Enns is quite aware of conservative Christian sensibilities and works hard to frame his proposals in friendly, non-threatening terms. Boiling his ideas down to short paragraphs and bullet points makes Enns sound more harsh and critical than he sounds in the book. Even so, if you sleep with a copy of Man His Origin and Destiny under your pillow, this is probably not the book for you. But if you roll your eyes when you hear an LDS speaker rail against evolution, this book might give you an alternative but positive perspective on the whole issue.
As a final item, let me point you to the most recent official LDS statement on evolution: a two-paragraph article in the October 2016 New Era. In response to the prompt “What does the Church believe about evolution?” the following response is given:
The Church has no official position on the theory of evolution. Organic evolution, or changes to species’ inherited traits over time, is a matter for scientific study. Nothing has been revealed concerning evolution. Though the details of what happened on earth before Adam and Eve, including how their bodies were created, have not been revealed, our teachings regarding man’s origin are clear and come from revelation.

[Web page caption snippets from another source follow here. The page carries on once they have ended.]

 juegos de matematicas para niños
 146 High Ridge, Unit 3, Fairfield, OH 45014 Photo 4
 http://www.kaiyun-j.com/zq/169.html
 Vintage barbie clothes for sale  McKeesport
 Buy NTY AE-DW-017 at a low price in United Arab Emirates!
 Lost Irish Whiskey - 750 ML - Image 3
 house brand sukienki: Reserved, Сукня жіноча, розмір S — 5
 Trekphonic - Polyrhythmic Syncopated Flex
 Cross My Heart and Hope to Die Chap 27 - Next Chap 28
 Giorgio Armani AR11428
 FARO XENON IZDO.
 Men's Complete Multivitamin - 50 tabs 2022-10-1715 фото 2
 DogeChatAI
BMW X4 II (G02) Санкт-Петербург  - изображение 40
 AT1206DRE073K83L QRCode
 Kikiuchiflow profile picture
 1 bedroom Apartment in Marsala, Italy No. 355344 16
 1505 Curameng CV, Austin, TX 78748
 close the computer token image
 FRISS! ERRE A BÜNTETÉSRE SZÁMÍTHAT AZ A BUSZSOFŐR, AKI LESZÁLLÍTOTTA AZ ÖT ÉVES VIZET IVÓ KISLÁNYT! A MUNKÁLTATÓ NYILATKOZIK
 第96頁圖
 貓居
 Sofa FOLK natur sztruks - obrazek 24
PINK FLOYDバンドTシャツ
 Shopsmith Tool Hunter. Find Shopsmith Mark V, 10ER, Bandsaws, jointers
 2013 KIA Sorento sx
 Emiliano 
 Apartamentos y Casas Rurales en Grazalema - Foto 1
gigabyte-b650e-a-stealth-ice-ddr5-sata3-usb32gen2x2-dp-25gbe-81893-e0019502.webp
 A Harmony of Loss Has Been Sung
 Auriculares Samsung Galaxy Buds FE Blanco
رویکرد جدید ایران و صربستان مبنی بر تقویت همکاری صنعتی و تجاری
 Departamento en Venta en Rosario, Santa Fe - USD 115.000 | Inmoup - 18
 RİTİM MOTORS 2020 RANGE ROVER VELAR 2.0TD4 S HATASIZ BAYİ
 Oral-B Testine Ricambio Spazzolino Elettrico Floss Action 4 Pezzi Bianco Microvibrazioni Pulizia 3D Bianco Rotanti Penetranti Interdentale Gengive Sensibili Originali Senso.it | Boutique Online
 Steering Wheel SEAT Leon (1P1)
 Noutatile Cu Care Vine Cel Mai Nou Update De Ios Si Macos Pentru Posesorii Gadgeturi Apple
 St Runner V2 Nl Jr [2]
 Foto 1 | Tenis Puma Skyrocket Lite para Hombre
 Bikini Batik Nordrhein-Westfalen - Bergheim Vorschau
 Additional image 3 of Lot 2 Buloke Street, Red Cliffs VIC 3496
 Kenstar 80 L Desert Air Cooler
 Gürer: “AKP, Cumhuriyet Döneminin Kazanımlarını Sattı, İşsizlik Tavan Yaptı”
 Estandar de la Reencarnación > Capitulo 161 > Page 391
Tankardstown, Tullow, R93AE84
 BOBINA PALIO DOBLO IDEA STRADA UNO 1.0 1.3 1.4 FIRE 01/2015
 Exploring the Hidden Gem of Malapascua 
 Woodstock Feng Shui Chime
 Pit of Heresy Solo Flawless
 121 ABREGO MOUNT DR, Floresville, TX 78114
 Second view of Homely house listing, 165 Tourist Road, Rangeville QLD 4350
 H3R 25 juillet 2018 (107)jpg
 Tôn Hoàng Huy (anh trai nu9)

Before we were born on earth, we were spirit children of heavenly parents, with bodies in their image. God directed the creation of Adam and Eve and placed their spirits in their bodies. We are all descendants of Adam and Eve, our first parents, who were created in God’s image. There were no spirit children of Heavenly Father on the earth before Adam and Eve were created. In addition, “for a time they lived alone in a paradisiacal setting where there was neither human death nor future family.” They fell from that state, and this Fall was an essential part of Heavenly Father’s plan for us to become like Him. (See Elder Jeffrey R. Holland of the Quorum of the Twelve Apostles, “Where Justice, Love, and Mercy Meet,” Apr. 2015 general conference.)
Update: After publishing this post, I came across an additional LDS statement related to Adam, the Garden, and life on Earth in the February 2016 New Era. In response to the prompt “What does the Church believe about dinosaurs?” the following response is given:
Did dinosaurs live and die on this earth long before man came along? There have been no revelations on this question, and the scientific evidence says yes. (You can learn more about it by studying paleontology if you like, even at Church-owned schools.)
The details of what happened on this planet before Adam and Eve aren’t a huge doctrinal concern of ours. The accounts of the Creation in the scriptures are not meant to provide a literal, scientific explanation of the specific processes, time periods, or events involved. What matters to us is that as part of His plan for us, God created the earth and then created Adam and Eve, who were our first parents and were instrumental in bringing about the Fall, which enabled us to be born on earth and participate in God’s plan. (See Jeffrey R. Holland, “Where Justice, Love, and Mercy Meet,” Ensign, May 2015, 105.)